Amazon Returns to Google Shopping AuctionsBack in early 2017, Amazon started appearing in more and more Google Shopping auctions. This led to increased CPCs, decreased CTR, and decreased impression share for many retailers as they were forced to compete against the marketplace giant.

Then, on April 28th this year, Amazon left Google Shopping auctions. And while that seemed like it would open the door for retailers, it unfortunately opened the door for other big box retailers like Walmart to be more aggressive. This meant flat performance for many advertisers who were hoping to see a big boost from Amazon’s departure.

But now, as of roughly May 15th, Amazon has re-entered Google Shopping auctions. So what does this mean for Google Shopping advertisers?

First off, it isn’t time to panic. Unlike in early 2017, when Amazon aggressively advertised on Google Shopping and there was a sizable spike in CPCs, they appear to be much less aggressive this time around within certain industries. Obviously different verticals could be seeing more or less competition from Amazon, but in general it appears to be more subdued than when they first entered on Google Shopping in early 2017. Whether that will change remains to be seen, but for now we aren’t expecting to see another massive CPC spike.

That isn’t to say CPCs won’t increase at all. With any increased competition, there are going to be increased bids, leading to increased cost per click. This is especially true if Walmart becomes even more aggressive in response to Amazon getting back into auctions. If that’s the case, CPCs will still continue to slowly rise.

Additionally, if Walmart does become more aggressive, they could end up being your biggest competitor far more often in auctions, meaning that in order to win more placements, you’re going to need to be offering a more compelling ad and competitive price point to beat out the big box retailer.

As you can see in the chart below, Amazon’s impression share in auctions is down pretty dramatically with their return to the platform.

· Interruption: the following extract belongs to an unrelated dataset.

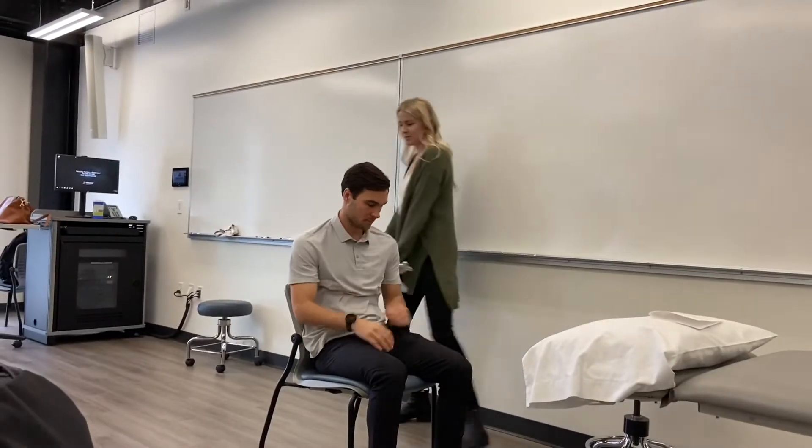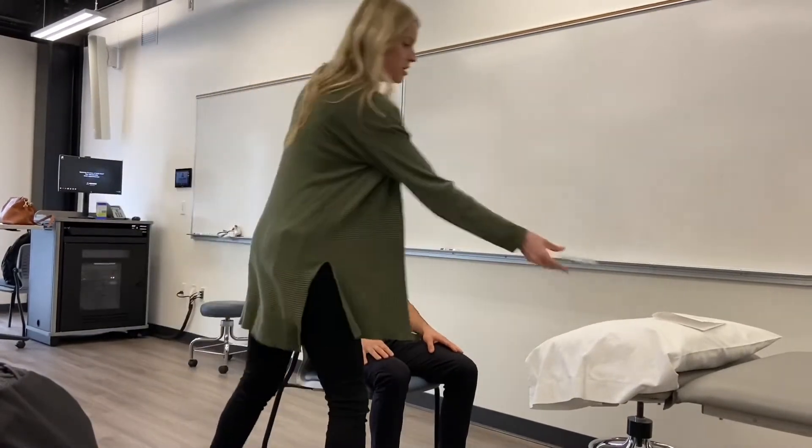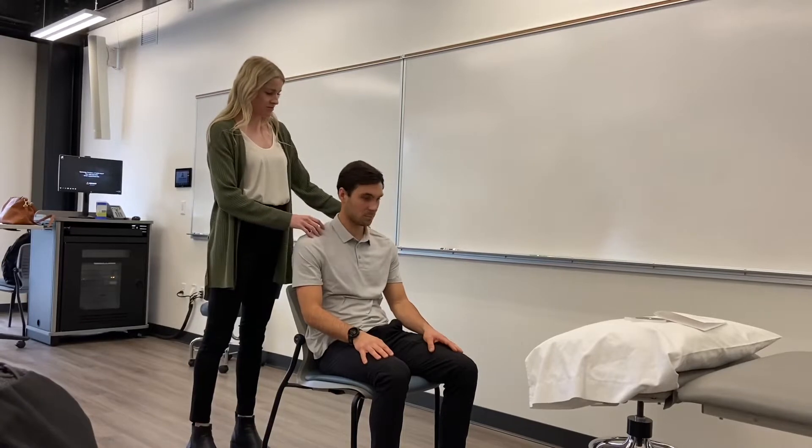Feet should be on the ground, hands can be on their lap. We're going to start with flexion and extension. Your landmarks — he's just going to be in neutral. Your axis of rotation, and we're going to do all active range for cervical spine, which makes things a little bit easier for you guys.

Whereas previously they were seeing as much as 40% of the overall impression share in specific verticals, Amazon has garnered roughly half that amount since reinvesting in Google Shopping.

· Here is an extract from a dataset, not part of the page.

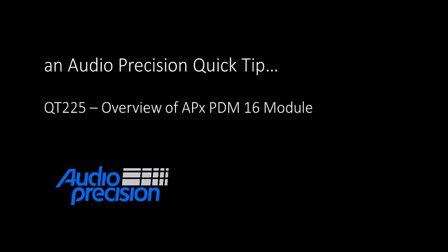Hello, Eric here with another Audio Precision QuickTip. QuickTips provide a brief overview of an APX500 feature or function. This QuickTip is an overview of the APX PDM16 module.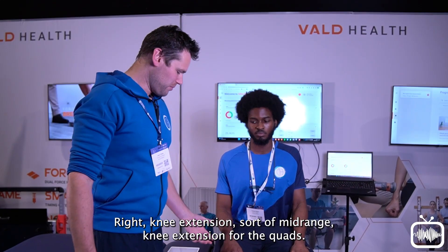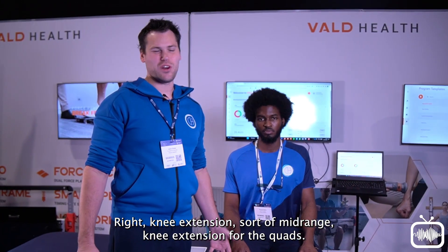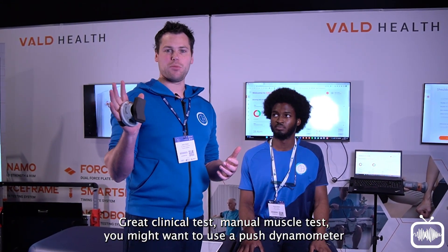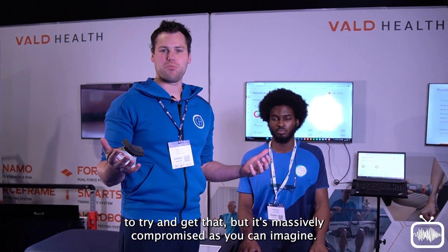Knee extension — mid-range knee extension for the quads. Great clinical test, manual muscle test. You might want to use a push dynamometer to try and get that, but it's massively compromised as you can imagine.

Amazon Returns to Google Shopping Auctions
Google Shopping ads impression share, April-May. Click to see a full size version.

The bottom line in all of this is that you as an advertiser need to be extra cautious with your bid management moving forward. With the retail landscape now featuring Amazon and Walmart as big competitors on Google Shopping, careful monitoring of your AdWords account will be essential to your continued profitability. Over-bidding could completely kill your margins, while under-bidding could leave you with a negligible impression share, leading to lower overall sales volume.